This was published 6 months ago
Editorial
Defamation law reforms helpful, but they should be nationally uniform
In Australia, the media faces a formidable task breaking difficult stories given constraints such as weak freedom of information laws, lack of whistleblower protection and a plethora of defamation laws.
Just as the colonies went their own way building railway lines of different gauges in the 19th century, Australia’s defamation laws continue to differ between states and territories so much that your postcode can determine your success in court.
Despite some earlier legislative reforms, Sydney is Australia’s defamation hotspot and has emerged as one of the defamation capitals of the world.
But from July 1, the defamation laws in NSW and the ACT are changing in tandem to introduce new defences, including a defence to help Facebook page administrators fend off costly claims over comments by others. Victoria is among the states expected to follow suit, as are Queensland and Tasmania, but some jurisdictions – Western Australia, South Australia and the Northern Territory – won’t. The differences in the law mean in theory it will be easier to bring, and win, a defamation claim in some parts of the country than others.
According to the Herald’s legal affairs reporter Michaela Whitbourn, it hasn’t always been as confusing. In 2006, every state and territory in Australia introduced near-identical laws to create an almost uniform system of defamation laws across the country – but cracks emerged in 2021, and again in recent times as some high-profile cases turned on public interest defences.
The 2021 reforms, led by NSW, included a serious harm threshold to discourage trivial lawsuits, a new public interest defence designed to protect investigative journalism, measures to reduce payouts and provisions aimed at encouraging matters to be resolved outside court.
From Monday, the latest reforms make it easier for Facebook page administrators to fend off defamation claims over comments posted by others on their page, exempt liability for some online publishers, such as search engines generating non-sponsored links to websites they did not create, and provide greater protections to prevent sexual assault complainants and others being sued over reports to police.
Western Australia and the Northern Territory opted out of changes made in every other state and territory in 2021, and regrettably they are staying well away from the latest reforms. The two are now, in theory, the most plaintiff-friendly jurisdictions in the country.
Despite the blatantly obvious fact that the overwhelming majority of defamation cases now involve the internet, South Australia too is making itself a target for plaintiffs seeking a favourable outcome by not introducing laws relating to online publications.
University of Sydney professor David Rolph said it was not defensible in a country of 27 million to have so many defamation laws as it increased costs and encouraged people to go forum-shopping to find a jurisdiction in which they considered their claim would receive a favourable hearing and succeed. We agree.

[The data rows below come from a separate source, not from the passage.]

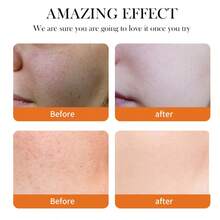 50g Turmeric Brightening Face Cream, Reduces Fine Lines, Fades Wrinkles, Brightens Complexion, Enhances Radiance, Moisturizes And Hydrates, Balances Skin Moisture, Day And Night Care - Yellow - View 5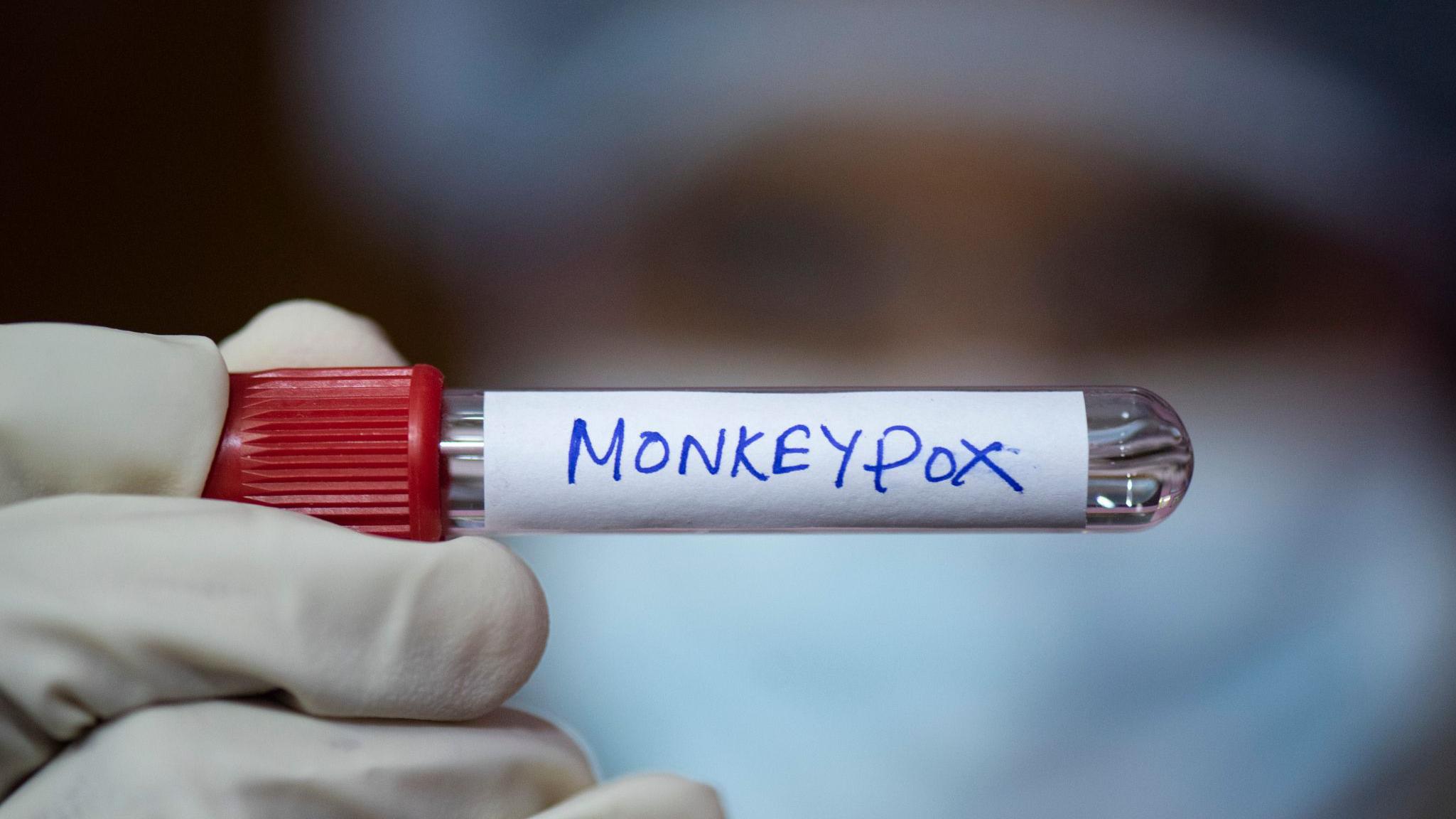 UK health agency identifies new Monkeypox strain in England
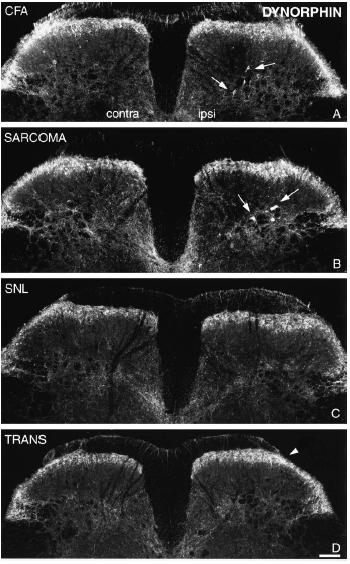 Confocal images illustrating the distribution of DYN-IR in laminae I II and III VI of the dorsal horn in coronal sections of the L4 spinal segment three days after CFA injection (A), 21 days after
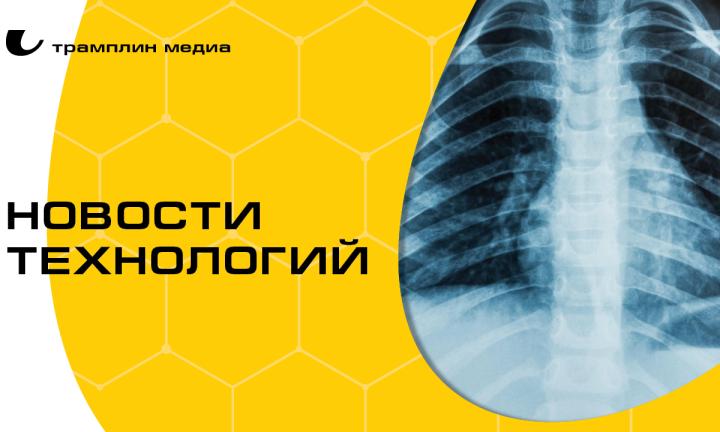 Безопасный рентген и роботы-манипуляторы. Топ разработок российских учёных
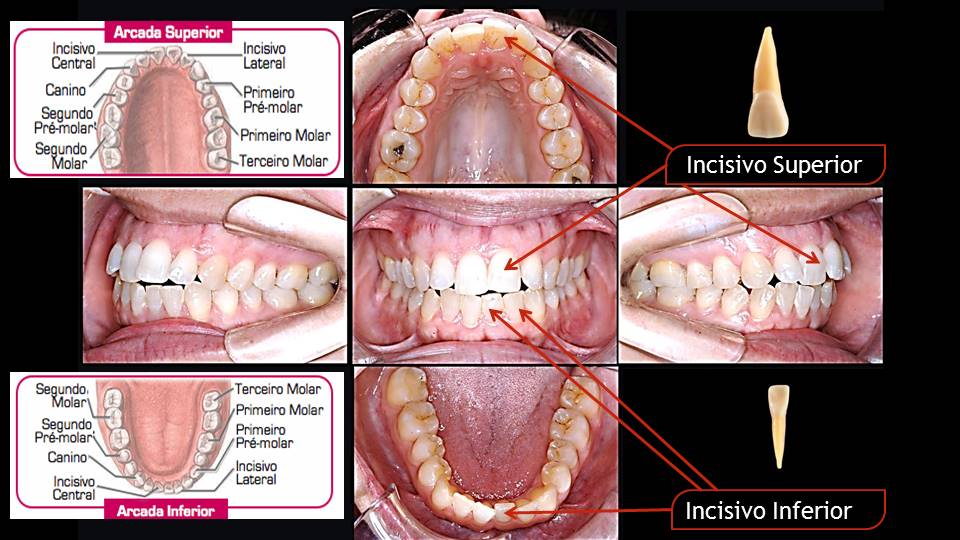 Quais dentes temos Dentes Incisivos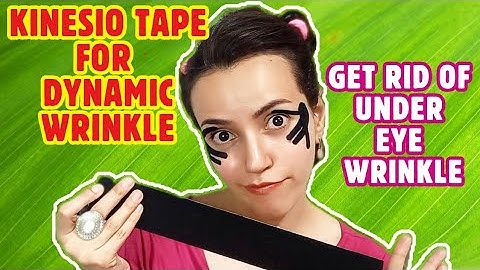 Dynamic or Static Wrinkles? Get rid of Under Eye Wrinkle with Taping| Fade Puffy eye| No Botox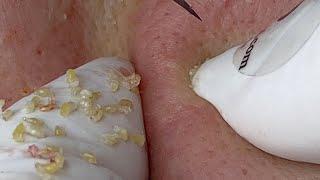 Super Large Hidden Acne Under The Skin | Mụn Ẩn Siêu To Dưới Da - SacDepSpa#223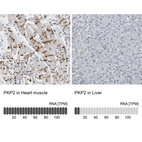 Anti-PKP2 Antibody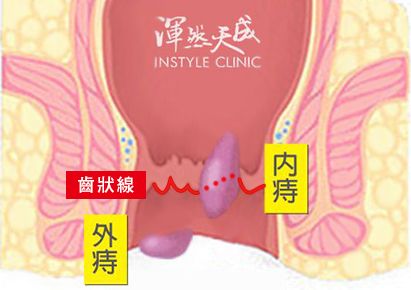 內痔、外痔,以齒狀線為界線 內痔外痔位置圖:以齒狀線為界線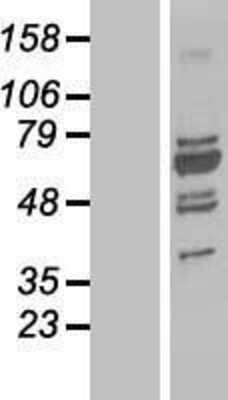 Western Blot UBP1 Overexpression Lysate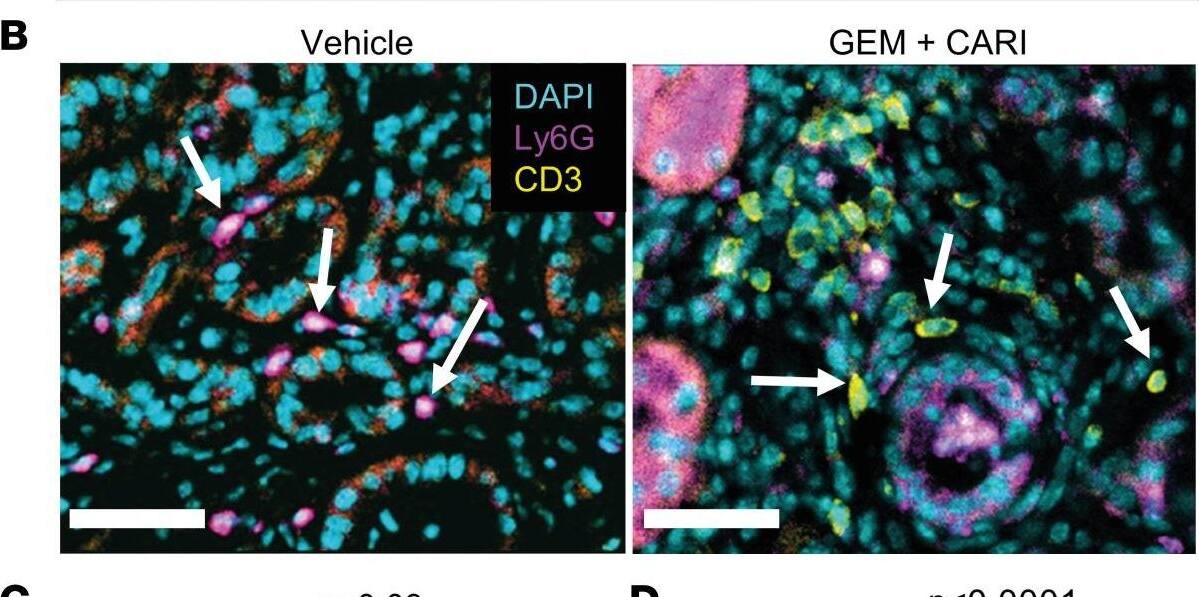 Detection of Mouse Ly-6G/Ly-6C (Gr-1) by Immunohistochemistry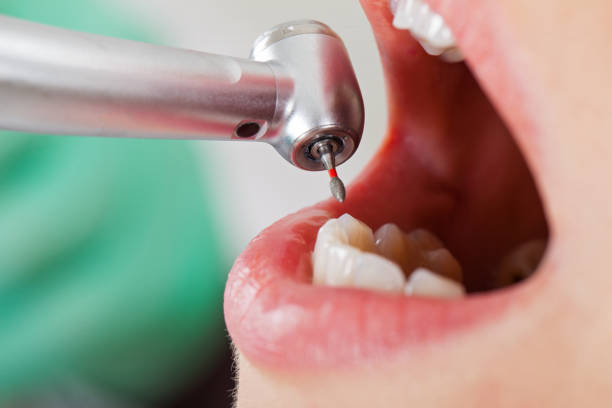 Best Tooth Infection Emergency Dentist  in West Slope, OR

Defamation law is crucial to regulating a free press. Citizens must have access to the courts to demand compensation from the media for malicious damage to their reputations. Media companies should not hide behind legal arguments when genuine mistakes are made.
The Herald acknowledges that some readers may find this editorial self-serving. However, we also recognise that while media is not always popular in Australia, most people can see the value for our democracy in having a free press. While it is to be regretted that Western Australia, South Australia and the Northern Territory have chosen to stand aside, we welcome reforms making defamation law more uniform, not least because they help us investigate and expose cases of injustice and fraud with more certainty.